ジェイテクトと産業技術総合研究所(以下、産総研)は2019年4月23日、東京都内で会見を開き、産総研のつくばセンター東事業所(茨城県つくば市)内に「ジェイテクト-産総研 スマートファクトリー連携研究ラボ」を共同で設立すると発表した。研究テーマとして「加工機・生産ラインのスマート化(知能化、自律化)およびその要素技術の研究開発」を掲げ、3〜5年での実用化を目指す。
産総研は2016年4月に、民間企業への技術の橋渡しを推進するため連携研究ラボ制度を制定した。同制度は、パートナーとなる企業名がラボ名称に入ることもあり“冠ラボ”とも呼ばれている。これまで11の冠ラボが発足しており、ジェイテクトが12社目となる。また冠ラボに工作機械メーカーが加わるのは今回が初で、ラボ名に「スマートファクトリー」を銘打つのも初めてだという。

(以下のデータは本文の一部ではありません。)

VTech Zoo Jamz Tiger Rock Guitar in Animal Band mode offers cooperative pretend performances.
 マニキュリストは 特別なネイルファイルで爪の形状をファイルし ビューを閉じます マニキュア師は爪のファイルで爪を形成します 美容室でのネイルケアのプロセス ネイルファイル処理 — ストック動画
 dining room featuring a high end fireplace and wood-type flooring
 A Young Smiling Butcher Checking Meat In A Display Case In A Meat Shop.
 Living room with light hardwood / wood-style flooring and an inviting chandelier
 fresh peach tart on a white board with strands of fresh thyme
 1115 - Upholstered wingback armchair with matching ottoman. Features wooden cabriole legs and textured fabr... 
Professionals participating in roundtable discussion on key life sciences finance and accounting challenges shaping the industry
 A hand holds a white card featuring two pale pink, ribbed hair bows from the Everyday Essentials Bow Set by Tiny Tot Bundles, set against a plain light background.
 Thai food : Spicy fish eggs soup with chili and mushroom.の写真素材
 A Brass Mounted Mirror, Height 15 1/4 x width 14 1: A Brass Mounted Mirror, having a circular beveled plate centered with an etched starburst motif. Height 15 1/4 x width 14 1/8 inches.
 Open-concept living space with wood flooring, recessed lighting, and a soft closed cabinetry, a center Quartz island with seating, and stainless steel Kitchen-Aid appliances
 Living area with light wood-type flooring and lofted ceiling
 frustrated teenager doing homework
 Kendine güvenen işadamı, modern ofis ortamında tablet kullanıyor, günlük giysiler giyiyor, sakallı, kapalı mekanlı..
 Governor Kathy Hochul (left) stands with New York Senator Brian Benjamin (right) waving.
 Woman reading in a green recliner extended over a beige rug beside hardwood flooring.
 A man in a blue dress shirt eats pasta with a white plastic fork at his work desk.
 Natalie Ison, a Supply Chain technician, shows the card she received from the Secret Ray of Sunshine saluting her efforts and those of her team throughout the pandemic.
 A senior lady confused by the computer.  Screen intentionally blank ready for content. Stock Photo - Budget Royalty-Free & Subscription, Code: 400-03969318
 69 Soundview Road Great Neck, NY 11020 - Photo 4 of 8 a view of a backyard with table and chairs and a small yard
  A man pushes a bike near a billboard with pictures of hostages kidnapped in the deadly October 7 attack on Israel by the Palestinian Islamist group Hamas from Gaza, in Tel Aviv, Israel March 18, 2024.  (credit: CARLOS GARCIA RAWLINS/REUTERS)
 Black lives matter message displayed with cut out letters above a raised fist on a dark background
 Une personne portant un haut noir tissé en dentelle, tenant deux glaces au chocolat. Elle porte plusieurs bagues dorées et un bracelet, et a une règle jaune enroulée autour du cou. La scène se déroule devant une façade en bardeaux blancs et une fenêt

ジェイテクトの冠ラボでは、大まかに分けて2つのテーマで研究開発を進めて行くことになる。1つは「サイバー・フィジカル・システム(CPS)による加工機の自律化技術の研究開発」で、同社が世界トップシェアを有する円筒研削盤を用いて、工作機械単体の加工状態の見える化や、加工条件の自律的最適化を目指す。
もう1つは「生産ラインの自律的最適化を可能とするサイバー・フィジカル・プロダクション・システム(CPPS)の研究開発」だ。円筒研削盤で実現したCPSを備える工作機械を前後工程でつなぎ、問題の可視化、分析、フィードバックを繰り返すことで最適な生産状態を維持するCPPS生産ラインを構築するための技術開発が目的になる。
ジェイテクトの冠ラボは2019年6月に開設する予定で、ラボ長にはジェイテクト 研究開発本部 加工技術研究部の岩井英樹氏が、副ラボ長には産総研 製造技術研究部門の芦田極氏が就任する。人員構成は、ジェイテクトからの出向が10人、産総研の研究員が10人で、総計20数人となる予定だ。
開発目標時期は、円筒研削盤におけるCPSが3年後の2022年度、CPPS生産ラインが5年後の2024年度となっている。